# [Try it]
Reproduce each line of the following material exactly, omitting the images.

# [Excerpted data]
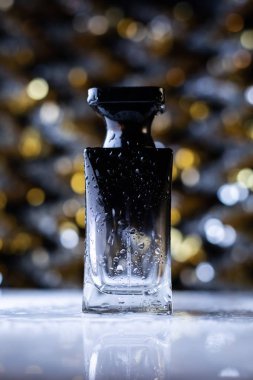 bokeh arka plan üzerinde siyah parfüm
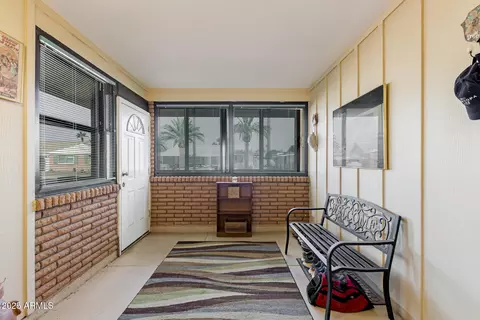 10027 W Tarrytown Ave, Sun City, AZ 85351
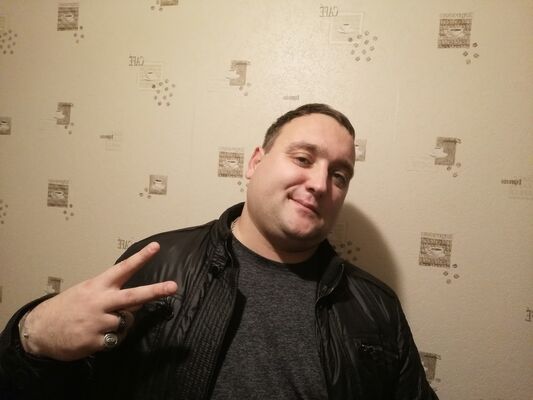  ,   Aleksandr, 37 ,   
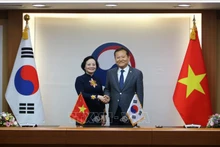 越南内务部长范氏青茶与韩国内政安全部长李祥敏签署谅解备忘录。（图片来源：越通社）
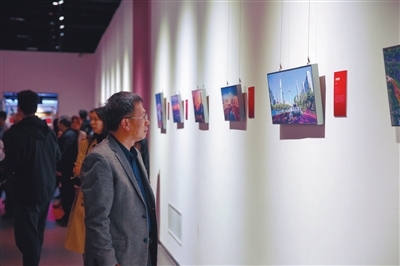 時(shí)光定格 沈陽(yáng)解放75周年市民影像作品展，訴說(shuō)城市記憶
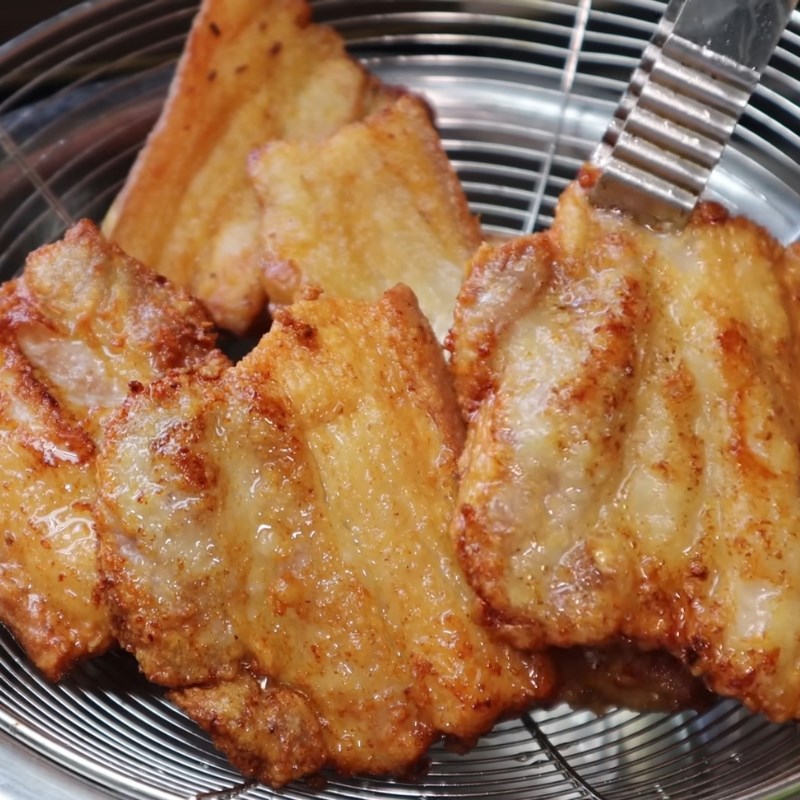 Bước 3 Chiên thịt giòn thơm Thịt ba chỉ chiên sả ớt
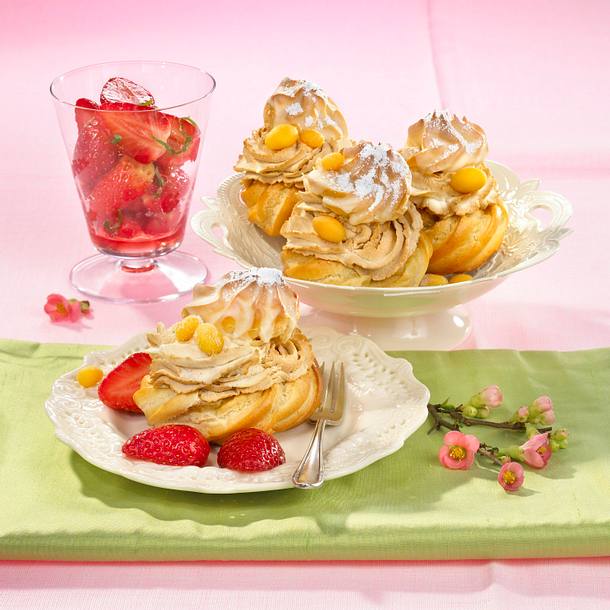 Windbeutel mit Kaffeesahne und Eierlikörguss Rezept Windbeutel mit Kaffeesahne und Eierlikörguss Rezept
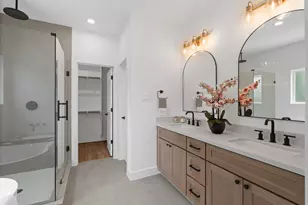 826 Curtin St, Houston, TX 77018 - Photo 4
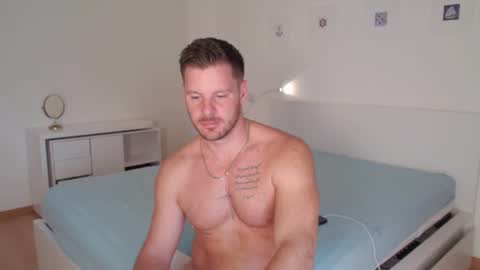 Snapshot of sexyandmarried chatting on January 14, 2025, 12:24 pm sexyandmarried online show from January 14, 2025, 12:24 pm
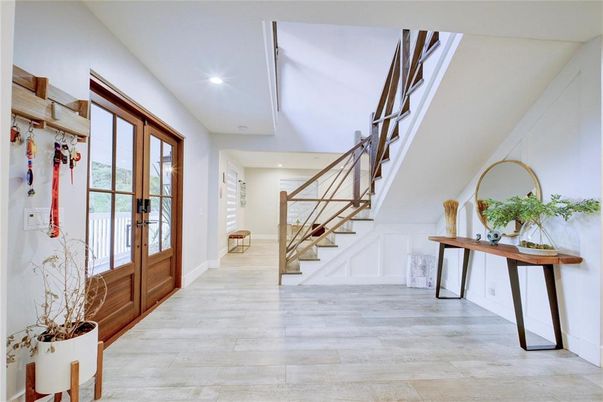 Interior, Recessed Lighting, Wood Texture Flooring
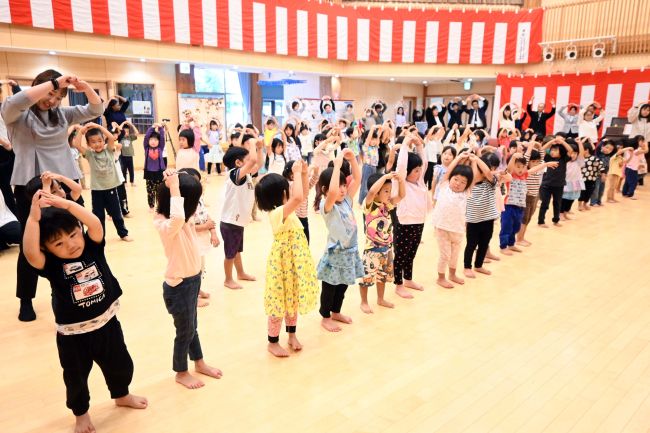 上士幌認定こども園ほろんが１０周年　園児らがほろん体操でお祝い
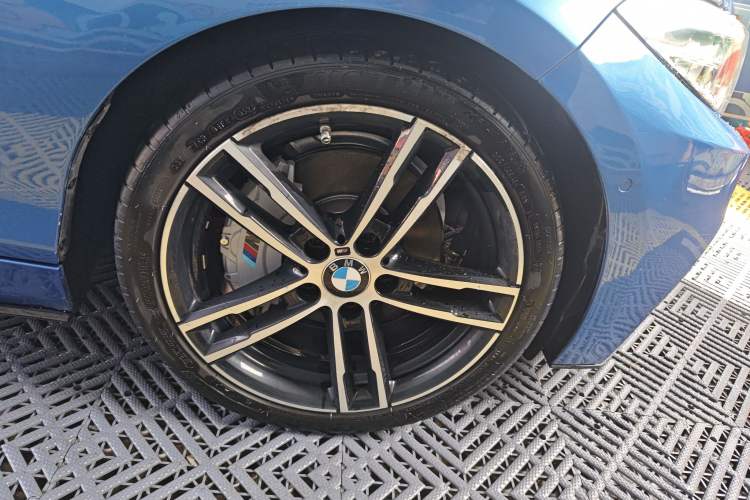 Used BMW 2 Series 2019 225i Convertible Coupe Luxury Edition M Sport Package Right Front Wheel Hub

# [Reply to the task]
 bokeh arka plan üzerinde siyah parfüm
 10027 W Tarrytown Ave, Sun City, AZ 85351
  ,   Aleksandr, 37 ,   
 越南内务部长范氏青茶与韩国内政安全部长李祥敏签署谅解备忘录。（图片来源：越通社）
 時(shí)光定格 沈陽(yáng)解放75周年市民影像作品展，訴說(shuō)城市記憶
 Bước 3 Chiên thịt giòn thơm Thịt ba chỉ chiên sả ớt
 Windbeutel mit Kaffeesahne und Eierlikörguss Rezept Windbeutel mit Kaffeesahne und Eierlikörguss Rezept
 826 Curtin St, Houston, TX 77018 - Photo 4
 Snapshot of sexyandmarried chatting on January 14, 2025, 12:24 pm sexyandmarried online show from January 14, 2025, 12:24 pm
 Interior, Recessed Lighting, Wood Texture Flooring
 上士幌認定こども園ほろんが１０周年　園児らがほろん体操でお祝い
 Used BMW 2 Series 2019 225i Convertible Coupe Luxury Edition M Sport Package Right Front Wheel Hub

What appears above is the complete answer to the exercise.